Contents:
The PacMAN bioinformatics pipeline has been developed as an open source project at https://github.com/iobis/PacMAN-pipeline. The pipeline takes raw CO1 reads as input and converts them to Darwin Core aligned species occurrence tables ready for ingestion into OBIS.
In this tutorial we will use the PacMAN pipeline to analyze sequence data from Rey et al. 2020 (Considerations for metabarcoding-based port biological baseline surveys aimed at marine nonindigenous species monitoring and risk assessments). In this study, zooplankton, water, sediment, and biofouling samples have been collected from four sites in the port of Bilbao (Spain) for metabarcoding. Additional water samples have been collected in Vigo and A Coruña. The protocols used to collect and analyze the samples are similar to those used in the PacMAN project.
The PacMAN bioinformatics pipeline consists of a sequence of data processing steps, which can be either scripts or commands for executing existing software tools.
The pipeline steps are orchestrated using Snakemake, which is a Python based workflow management system. A snakemake workflow if defined by a set of rules, where each rules defines how the step is executed, and what the input and output files are. Snakemake uses these input and output file specifications to determine in which order the steps needs to be executed. In data engineering this is often referred to as a directed acyclic graph (DAG). The rules are defined in a text file called the Snakefile.
To make workflows portable and reproducible, Snakemake can execute each step in an isolated conda environment. Conda is a package manager which was originally developed for Python, but it is now used for distributing packages for other languages as well, including R. Using conda environments ensures that the steps use the exact same versions of software dependencies, whereever they are run.
Here's an example of one of the steps in the pipeline Snakefile:
rule fast_qc:
"""
Runs QC on raw reads
"""
input:
r1 = "results/{PROJECT}/samples/{samples}/rawdata/forward_reads/fw.fastq.gz",
r2 = "results/{PROJECT}/samples/{samples}/rawdata/reverse_reads/rv.fastq.gz"
output:
o1 = "results/{PROJECT}/samples/{samples}/qc/fw_fastqc.html",
o2 = "results/{PROJECT}/samples/{samples}/qc/rv_fastqc.html",
s1 = "results/{PROJECT}/samples/{samples}/qc/fw_fastqc.zip",
s2 = "results/{PROJECT}/samples/{samples}/qc/rv_fastqc.zip"
conda:
"envs/qc.yaml"
shell:
"fastqc {input.r1} {input.r2} -o results/{wildcards.PROJECT}/samples/{wildcards.samples}/qc/"
So this rule has two input files, four output files, a reference to a Conda environment which is defined in a yaml file, and a shell command. Notice that the file names and shell command use curly braces ({}
) to access variables defined elsewhere in the Snakefile. Some of these variables come from a config file which is specified at the top of the Snakefile.
Before diving into the pipeline code, let's take a quick look at the main steps of the pipeline.
A schematic overview of the PacMAN pipeline and the files it generates is available here.
FastQC is used to perform an initial quality control step of the raw sequence data.
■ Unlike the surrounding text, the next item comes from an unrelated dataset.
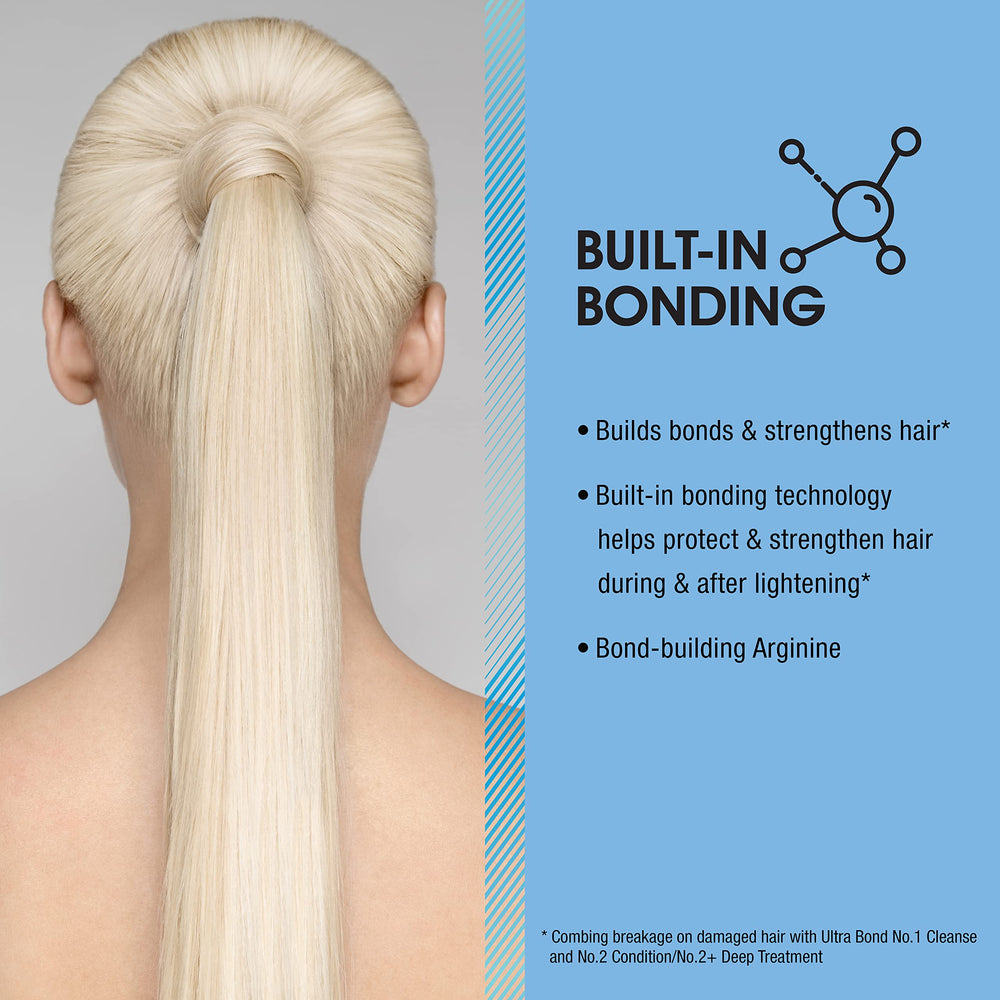 AGEbeautiful Bond-Building Arginine Lysine Keratin graphic highlighting hair integrity.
It allows us to spot any obvious quality issues in the source data at a glance. FastQC generates a quality report for each sample which includes a graph of the Phred quality score as a function of base pair position. Phred quality scores can be interpreted as follows:
Phred Quality Score | Probability of incorrect base call | Base call accuracy |
---|---|---|
10 | 1 in 10 | 90% |
20 | 1 in 100 | 99% |
30 | 1 in 1000 | 99.9% |
40 | 1 in 10,000 | 99.99% |
50 | 1 in 100,000 | 99.999% |
60 | 1 in 1,000,000 | 99.9999% |
The quality graph below shows how the signal quality degrades as strands are being sequenced:
Next we use MultiQC to aggregate the quality information generated by FastQC. The MultiQC report includes a graph showing the mean quality score for each sample.
In this step we use Trimmomatic to trim our raw reads. This includes the removal of adapters which have been added during library preparation (parameter ILLUMINACLIP
), and of bases at the start (parameter LEADING
) and the end (parameter TRAILING
) of the reads which are of insufficient quality. The appropriate adapter sequences need to be provided in a FASTA file. Trimmomatic will also perform "adaptive quality trimming" (parameter MAXINFO
).
Image from Metagenomics for Software Carpentry1.
Cutadapt is used to remove the primer sequences. Forward and reverse primer sequences need to be configured in the config file.
Let's take a look at one of the reads from the example dataset as it is processed with Trimmomatic and Cutadapt. Notice how the first step has trimmed the low quality nucleotides at the end of the sequence, while the primer sequence GGWACWGGWTGAACWGTWTAYCCYCC
has been remove from the start of the read in the second step:
In this step, we will use the DADA2 software package to infer exact amplicon sequence variants from our paired end reads. DADA2 models sequencing errors introduced during Illumina sequencing to be able to differentiate between errors and actual biological variation2. This approach offers a number of advantages over the classic approach of deriving Operational Taxonomic Units (OTUs), such as a finer taxonomic resolution.
Although we have already cleaned up our reads a bit, we also use DADA2 filterAndTrim to truncate the reads at a specified length or quality threshold, and filter out reads which do not meet the required length after trimming.
DADA2 will generate sample based and aggregate quality profiles. Let's take a look at the aggregate quality profile of the paired reads before and after trimming (note the shorter sequence length and decrease in the total number of reads):
In the next step, ASVs are inferred from the cleaned up raw reads. This involves training the error model, dereplication, sample inference, and merging the forward and reverse reads to obtain the full sequences. This step also removes chimeric sequences (artifact sequences formed from two or more biological sequences, for example during PCR).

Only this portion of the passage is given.